Oh, these rags and tags of other people’s making! Would he ever be able to call his brain his own? Was there, indeed, anything in it that was truly his own, or was it simply an education?

Depressed, Denis walks down to the boathouse by the lake where he finds Mary sitting, depressed after receiving a postcard from Ivor who has moved on to his next house party, and which makes it quite plain he’s moved on from her, while she has fallen fatally in love with him.

Chapter 25

Mr Wimbush announces the annual Charity Fair and Anne groans in horror. Quickly she signs up all the guest to perform functions. Gombauld cheerfully says it sounds like a holiday. This triggers a long disquisition by Mr Scogan about holidays, we can never have holidays because we can never escape from ourselves or our human nature.

‘Isn’t a complete and absolute change precisely the thing we can never have—never, in the very nature of things?’ Mr. Scogan once more looked rapidly about him. ‘Of course it is. As ourselves, as specimens of Homo Sapiens, as members of a society, how can we hope to have anything like an absolute change? We are tied down by the frightful limitation of our human faculties, by the notions which society imposes on us through our fatal suggestibility, by our own personalities.’

Mr Scogan is described as beaky and saurian, with claws instead of hands. Is he a caricature of the philosopher Bertrand Russell?

Chapter 26

Feeling soulful and sad, as usual, Denis looks down at the hubbub of the annual Fair, and then goes down amongst it, among all those people, amazing to think they all have souls and minds like his, are individuals full of hopes and fears and criticism. He steps down into the crowd and visits the stalls, the Tattooed Lady, the Largest Rat in the World, the funfair rides, a balloon flying loose up into the sky.

Chapter 27

Mr Scogan is dressed up as a gypsy palm reader, ‘Sesostris, Sorcoress of Ecbatana’, and very funnily gives people dark hints about their doom-lade futures. The result is that he is wildly popular and a big queue forms outside his tent. We watch him reading the palm of one susceptible young woman and – it appears – predicting that a short beaky-faced man will meet her next Sunday afternoon at 6pm and she will take him down to the woods for some rumpy-pumpy. Hmm.

Denis wanders on to the trestle table where Anne is serving mugs of tea. There’s a neat pile of the poem Denis wrote specially for the fair. They had five hundred copies printed. It is a page long and mournful and completely inappropriate for a people’s fair. He asks Anne how many copes have been sold (at tuppence a go). Three.

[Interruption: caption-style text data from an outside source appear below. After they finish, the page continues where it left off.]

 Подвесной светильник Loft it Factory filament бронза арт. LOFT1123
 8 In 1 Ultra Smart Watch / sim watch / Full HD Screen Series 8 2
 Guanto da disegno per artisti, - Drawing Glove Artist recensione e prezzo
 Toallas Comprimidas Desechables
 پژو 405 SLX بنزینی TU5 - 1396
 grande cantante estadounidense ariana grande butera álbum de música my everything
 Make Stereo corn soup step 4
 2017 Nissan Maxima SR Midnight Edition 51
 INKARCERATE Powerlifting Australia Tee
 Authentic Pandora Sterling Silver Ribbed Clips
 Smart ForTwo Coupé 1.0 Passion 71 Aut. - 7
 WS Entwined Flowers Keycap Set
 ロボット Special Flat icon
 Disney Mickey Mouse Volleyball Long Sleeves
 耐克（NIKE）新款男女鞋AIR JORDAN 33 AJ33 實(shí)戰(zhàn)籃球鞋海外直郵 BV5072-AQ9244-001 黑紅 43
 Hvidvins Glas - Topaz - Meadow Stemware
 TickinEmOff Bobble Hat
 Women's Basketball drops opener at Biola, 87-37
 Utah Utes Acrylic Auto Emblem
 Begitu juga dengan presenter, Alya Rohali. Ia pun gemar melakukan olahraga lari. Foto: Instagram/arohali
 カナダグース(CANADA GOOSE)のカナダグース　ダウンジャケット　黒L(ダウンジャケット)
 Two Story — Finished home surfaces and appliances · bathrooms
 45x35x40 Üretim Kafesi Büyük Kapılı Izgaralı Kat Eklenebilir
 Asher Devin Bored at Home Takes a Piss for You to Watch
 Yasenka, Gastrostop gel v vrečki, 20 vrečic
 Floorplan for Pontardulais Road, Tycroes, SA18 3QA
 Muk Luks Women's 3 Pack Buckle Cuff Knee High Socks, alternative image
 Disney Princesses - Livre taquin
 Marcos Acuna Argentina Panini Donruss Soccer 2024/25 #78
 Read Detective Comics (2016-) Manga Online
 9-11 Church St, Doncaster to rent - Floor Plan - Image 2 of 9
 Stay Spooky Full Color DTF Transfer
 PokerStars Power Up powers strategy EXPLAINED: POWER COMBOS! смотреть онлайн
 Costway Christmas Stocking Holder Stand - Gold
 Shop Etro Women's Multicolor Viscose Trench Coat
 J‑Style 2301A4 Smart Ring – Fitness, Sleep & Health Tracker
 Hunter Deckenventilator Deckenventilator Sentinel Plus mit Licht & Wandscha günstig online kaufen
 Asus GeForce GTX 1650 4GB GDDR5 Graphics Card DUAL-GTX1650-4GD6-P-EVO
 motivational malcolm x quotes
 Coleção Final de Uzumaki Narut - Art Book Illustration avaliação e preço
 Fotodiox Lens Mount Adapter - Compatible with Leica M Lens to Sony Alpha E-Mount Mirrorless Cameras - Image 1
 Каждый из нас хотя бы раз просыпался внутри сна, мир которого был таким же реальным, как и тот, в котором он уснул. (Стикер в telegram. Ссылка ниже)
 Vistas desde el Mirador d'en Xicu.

Old Mrs Budge who, when the government announced that it needed peach stones (for unknown reasons) bravely did her bit for the war effort and in 1916 ate 4,200 peaches and sent the stones to the government. In 1917 the government called up three of her gardeners and she was only able to eat 2,900 peaches, which may explain why the allies fared so badly in that disastrous year.

Denis strolls on to the Young Ladies Swimming Competition where he sees two local worthies, old Lord Moleyn and Mr Callamay ‘congratulating’ the winner of the latest heat, standing trim and nubile in her dripping swimming costume. Hmm. Or leching over her. Walking on he hears voices and looks up to see the vicar and his wife peering over a high yew hedge, staring at the schoolgirl swimmers in their costumes, and tut-tutting and saying, ‘Disgusting, disgusting.’

Elsewhere earnest, rational Mary is swamped by schoolchildren who she is organising into a three-legged race, red-faced and efficient. Denis sneaks away from all thus vulgar racket, back up to the empty manor house, makes himself a cheeky gin and tonic, and settles into a deep armchair to read the French critic, Sainte-Beuve (1804-69).

Chapter 28

In the evening there is a band. Two or three hundred couples dance under the hard white acetylene lights. Henry finds Denis and asks if he’d like to come and view the old oak log pipes he’s dug up which were part of the original house. Far enough away from the noisy dance floor, Henry sighingly laments how much he doesn’t like people. Life would be so much simpler if we could just read books and didn’t have to engage with the smelly, noisy and completely unknowable people of the present. How comforting history is, where life is wrapped and defined and finished and comprehensible. As to the present he has no idea about news or current affairs and lacks the energy to find out. One day all our ‘human’ interactions will be carried out by machines.

Chapter 29

10pm the evening of the Fair. The crowds have left, things are being packed away. Denis sees Gombauld and Anne necking and smooching down by the swimming pool and runs inside in despair. In fact Anne is furiously trying to escape Gombauld’s clutches and he is irritated at being balked.

Denis reads till 2.30 but is still upset. He sneaks down the hall to the little pantry which houses the ladder up to one of the mansion’s towers, pushes open the trapdoor and emerges on the tower top. O Life. O Death. O Love. What is the meaning of it all? Denis looks down at the terrace far below and deliciously imagines plummeting to his death. Then they’d be sorry.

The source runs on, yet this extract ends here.